Welcome to this week’s installation of “Why Your Bow Sucks,” an ongoing series of bow reviews.
Welcome, friends, to the brink of bankruptcy. With an MSRP of $1,899, not only will you have to take out a second mortgage to pay for this thing, but it’ll also come with a divorce once she finds out it’s worth more than her engagement ring.
But, at least you won’t have to worry about tuning this bow!
“I’m trying to give you an experience that will allow you to set these up and have the most accurate bow on the market – out of the box,” Dudley says in a YouTube video.
I can’t wait to make someone shoot it through paper. Nock low. Calling it now.
The Levitate weighs in at about 3.6 pounds. This lightweight bow will be perfect for the guys who wear plate carriers, meat-haulers and 20-pound Kifaru fanny-packs to their local 3-D shoot. TAC is short for tactical, right? Right?
You also won’t have to worry about people wondering if you have the latest Dudley bow. He’s stamped the Nock On logo all over it, and you can even order it with his signature Nickelodeon Slime strings.
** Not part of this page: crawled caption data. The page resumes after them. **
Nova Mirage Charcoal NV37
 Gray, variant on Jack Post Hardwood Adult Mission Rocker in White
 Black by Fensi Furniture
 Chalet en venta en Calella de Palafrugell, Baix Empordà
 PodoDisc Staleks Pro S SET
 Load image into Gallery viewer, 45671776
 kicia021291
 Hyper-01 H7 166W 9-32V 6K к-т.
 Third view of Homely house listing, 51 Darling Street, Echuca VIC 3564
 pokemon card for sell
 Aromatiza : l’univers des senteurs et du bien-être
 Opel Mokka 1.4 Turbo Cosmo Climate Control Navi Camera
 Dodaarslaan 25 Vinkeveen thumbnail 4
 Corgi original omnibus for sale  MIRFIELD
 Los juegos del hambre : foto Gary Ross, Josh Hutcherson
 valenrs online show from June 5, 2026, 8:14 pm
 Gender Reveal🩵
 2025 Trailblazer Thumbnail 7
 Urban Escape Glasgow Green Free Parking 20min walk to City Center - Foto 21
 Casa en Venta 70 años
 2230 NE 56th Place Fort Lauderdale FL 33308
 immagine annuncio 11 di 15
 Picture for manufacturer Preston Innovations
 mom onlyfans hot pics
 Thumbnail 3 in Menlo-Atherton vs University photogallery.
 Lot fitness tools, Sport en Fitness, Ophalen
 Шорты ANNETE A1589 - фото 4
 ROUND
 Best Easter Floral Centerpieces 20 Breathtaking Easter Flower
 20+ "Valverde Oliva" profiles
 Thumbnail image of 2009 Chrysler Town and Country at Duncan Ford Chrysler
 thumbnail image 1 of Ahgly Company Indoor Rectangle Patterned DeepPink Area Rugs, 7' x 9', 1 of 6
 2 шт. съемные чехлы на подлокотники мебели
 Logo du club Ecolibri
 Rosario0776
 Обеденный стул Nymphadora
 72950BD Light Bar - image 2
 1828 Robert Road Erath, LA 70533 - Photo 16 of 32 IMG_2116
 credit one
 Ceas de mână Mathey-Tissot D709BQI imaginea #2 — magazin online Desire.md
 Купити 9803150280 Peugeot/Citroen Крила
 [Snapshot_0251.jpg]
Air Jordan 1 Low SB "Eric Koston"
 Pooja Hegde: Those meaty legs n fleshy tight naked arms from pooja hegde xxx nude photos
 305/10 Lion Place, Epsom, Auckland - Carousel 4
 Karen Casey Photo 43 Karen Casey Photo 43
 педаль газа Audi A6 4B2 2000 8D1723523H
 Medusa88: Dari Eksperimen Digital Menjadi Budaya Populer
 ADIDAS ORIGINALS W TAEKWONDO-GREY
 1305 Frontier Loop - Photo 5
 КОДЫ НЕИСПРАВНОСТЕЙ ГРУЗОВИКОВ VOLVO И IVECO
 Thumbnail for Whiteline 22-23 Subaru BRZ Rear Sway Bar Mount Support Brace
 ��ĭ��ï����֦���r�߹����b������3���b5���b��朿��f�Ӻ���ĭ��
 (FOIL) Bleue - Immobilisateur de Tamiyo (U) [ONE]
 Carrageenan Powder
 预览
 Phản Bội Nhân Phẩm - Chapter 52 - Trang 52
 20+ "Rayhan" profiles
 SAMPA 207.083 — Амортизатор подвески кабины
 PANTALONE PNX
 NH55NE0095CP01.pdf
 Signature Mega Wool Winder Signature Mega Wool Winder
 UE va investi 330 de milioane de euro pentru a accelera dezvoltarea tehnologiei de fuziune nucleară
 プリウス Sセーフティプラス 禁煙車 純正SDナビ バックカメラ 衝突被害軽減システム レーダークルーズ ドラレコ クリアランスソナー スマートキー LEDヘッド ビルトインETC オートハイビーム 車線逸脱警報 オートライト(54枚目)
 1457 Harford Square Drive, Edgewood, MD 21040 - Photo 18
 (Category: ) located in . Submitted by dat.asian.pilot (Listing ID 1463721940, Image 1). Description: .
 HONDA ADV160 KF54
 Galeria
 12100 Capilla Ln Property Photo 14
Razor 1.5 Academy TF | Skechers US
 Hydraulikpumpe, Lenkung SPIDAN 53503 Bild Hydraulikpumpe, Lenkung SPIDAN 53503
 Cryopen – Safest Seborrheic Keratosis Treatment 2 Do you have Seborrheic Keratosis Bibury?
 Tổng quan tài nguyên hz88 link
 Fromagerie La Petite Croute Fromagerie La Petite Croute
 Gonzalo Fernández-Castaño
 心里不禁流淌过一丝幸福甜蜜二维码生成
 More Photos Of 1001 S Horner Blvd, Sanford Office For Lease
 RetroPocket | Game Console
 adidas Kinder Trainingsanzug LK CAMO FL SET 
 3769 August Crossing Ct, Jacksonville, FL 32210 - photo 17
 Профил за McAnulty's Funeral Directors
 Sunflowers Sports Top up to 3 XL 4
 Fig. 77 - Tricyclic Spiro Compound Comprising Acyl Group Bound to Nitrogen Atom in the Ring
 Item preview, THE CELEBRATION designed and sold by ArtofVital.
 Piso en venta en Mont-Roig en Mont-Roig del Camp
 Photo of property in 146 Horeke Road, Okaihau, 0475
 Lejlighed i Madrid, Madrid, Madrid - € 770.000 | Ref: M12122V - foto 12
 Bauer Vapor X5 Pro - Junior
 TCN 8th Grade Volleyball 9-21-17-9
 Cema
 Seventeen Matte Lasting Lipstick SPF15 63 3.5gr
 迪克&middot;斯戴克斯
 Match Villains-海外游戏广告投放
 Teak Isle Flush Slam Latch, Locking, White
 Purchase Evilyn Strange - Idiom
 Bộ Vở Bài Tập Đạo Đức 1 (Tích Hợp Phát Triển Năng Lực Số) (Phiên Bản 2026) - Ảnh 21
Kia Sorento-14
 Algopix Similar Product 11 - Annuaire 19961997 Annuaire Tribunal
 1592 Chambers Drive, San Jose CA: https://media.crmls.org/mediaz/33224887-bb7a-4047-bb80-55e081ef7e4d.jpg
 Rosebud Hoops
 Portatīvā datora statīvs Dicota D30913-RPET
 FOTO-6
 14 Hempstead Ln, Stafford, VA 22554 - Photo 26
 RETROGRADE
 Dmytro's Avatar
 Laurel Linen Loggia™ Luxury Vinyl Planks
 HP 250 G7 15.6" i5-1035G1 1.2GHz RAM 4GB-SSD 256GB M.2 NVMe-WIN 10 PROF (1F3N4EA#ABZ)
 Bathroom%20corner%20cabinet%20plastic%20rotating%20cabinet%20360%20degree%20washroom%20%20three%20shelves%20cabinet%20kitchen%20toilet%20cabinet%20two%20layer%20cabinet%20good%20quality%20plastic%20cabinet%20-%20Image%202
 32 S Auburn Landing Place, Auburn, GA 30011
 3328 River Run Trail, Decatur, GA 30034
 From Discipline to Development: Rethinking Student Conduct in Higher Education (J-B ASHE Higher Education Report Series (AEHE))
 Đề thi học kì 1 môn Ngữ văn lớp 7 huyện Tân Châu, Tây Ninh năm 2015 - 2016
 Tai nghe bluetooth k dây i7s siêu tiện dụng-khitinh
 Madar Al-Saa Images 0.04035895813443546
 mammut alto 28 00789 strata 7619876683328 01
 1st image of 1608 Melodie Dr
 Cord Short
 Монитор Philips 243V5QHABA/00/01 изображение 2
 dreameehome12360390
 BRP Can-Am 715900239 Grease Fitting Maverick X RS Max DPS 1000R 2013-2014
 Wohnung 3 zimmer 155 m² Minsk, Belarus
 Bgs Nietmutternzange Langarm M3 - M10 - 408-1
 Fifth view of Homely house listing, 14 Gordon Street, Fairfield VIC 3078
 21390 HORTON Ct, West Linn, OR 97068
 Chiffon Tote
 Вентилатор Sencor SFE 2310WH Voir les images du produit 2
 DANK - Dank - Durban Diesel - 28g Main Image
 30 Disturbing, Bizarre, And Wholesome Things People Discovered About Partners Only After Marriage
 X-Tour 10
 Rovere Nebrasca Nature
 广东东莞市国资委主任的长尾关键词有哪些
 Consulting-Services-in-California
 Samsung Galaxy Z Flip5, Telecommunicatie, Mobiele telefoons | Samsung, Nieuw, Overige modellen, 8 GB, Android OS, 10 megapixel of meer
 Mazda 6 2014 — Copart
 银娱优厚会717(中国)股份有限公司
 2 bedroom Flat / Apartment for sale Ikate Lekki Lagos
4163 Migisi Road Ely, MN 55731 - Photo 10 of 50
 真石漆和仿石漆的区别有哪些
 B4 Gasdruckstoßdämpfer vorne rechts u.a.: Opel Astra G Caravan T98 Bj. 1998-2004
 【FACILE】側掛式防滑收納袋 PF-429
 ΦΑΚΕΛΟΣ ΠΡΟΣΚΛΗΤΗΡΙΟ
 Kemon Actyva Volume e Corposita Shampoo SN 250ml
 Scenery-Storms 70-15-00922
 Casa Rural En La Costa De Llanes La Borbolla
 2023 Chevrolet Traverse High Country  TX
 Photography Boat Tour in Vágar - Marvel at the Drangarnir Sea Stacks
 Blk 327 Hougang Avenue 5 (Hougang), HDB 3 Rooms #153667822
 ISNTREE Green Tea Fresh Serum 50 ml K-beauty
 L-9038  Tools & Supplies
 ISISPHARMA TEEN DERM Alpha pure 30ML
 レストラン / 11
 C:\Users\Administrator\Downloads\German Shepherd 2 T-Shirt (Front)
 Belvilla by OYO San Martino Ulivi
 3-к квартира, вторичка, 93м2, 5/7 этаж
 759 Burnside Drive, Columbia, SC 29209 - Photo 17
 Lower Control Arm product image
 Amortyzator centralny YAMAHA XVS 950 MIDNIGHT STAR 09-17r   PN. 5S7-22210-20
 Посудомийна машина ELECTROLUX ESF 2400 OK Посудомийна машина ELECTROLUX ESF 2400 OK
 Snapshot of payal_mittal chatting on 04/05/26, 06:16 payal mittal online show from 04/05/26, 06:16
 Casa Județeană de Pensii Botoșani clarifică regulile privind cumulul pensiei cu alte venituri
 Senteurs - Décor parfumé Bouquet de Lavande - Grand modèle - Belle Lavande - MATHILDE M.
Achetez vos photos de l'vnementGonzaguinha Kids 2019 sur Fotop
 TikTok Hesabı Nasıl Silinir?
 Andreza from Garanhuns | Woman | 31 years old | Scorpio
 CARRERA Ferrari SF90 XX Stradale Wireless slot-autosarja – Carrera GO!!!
The Levitate is the archery equivalent of a Roush F-150, in that it’s heavily decaled and everyone who owns one won’t stop telling you about it. It’s not an F-150, pal. It’s a Roushhh. F**k you.
The Levitate’s E2 cam currently accommodates draw lengths from 27.5 to 31.5 inches. Burn in hell, short people. I hear that a short-draw cam is in the works, but it ain’t here yet. If you’re over 31.5 inches, you’re longer than Dudley and that isn’t allowed.
Ultimately, it’s your money and if you want a bow that will cause your credit card to spontaneously combust, be my guest. Just don’t let me see you crying when you scratch it.
What Doesn’t Suck
For as much as I hate the price tag and the Nock On branding, the Levitate is actually a damn fine bow. The E2 cam performs well and exactly to the manufacturer’s advertised specs. We tested the 70 pound version with a 500 grain arrow at 31 inches of draw length and it touched 300 fps on the chronograph. For reference, I’ve seen other reviewers test a 500 grain arrow at the 27.5 inch draw length and it chrono’d around 250 fps. It’s fast.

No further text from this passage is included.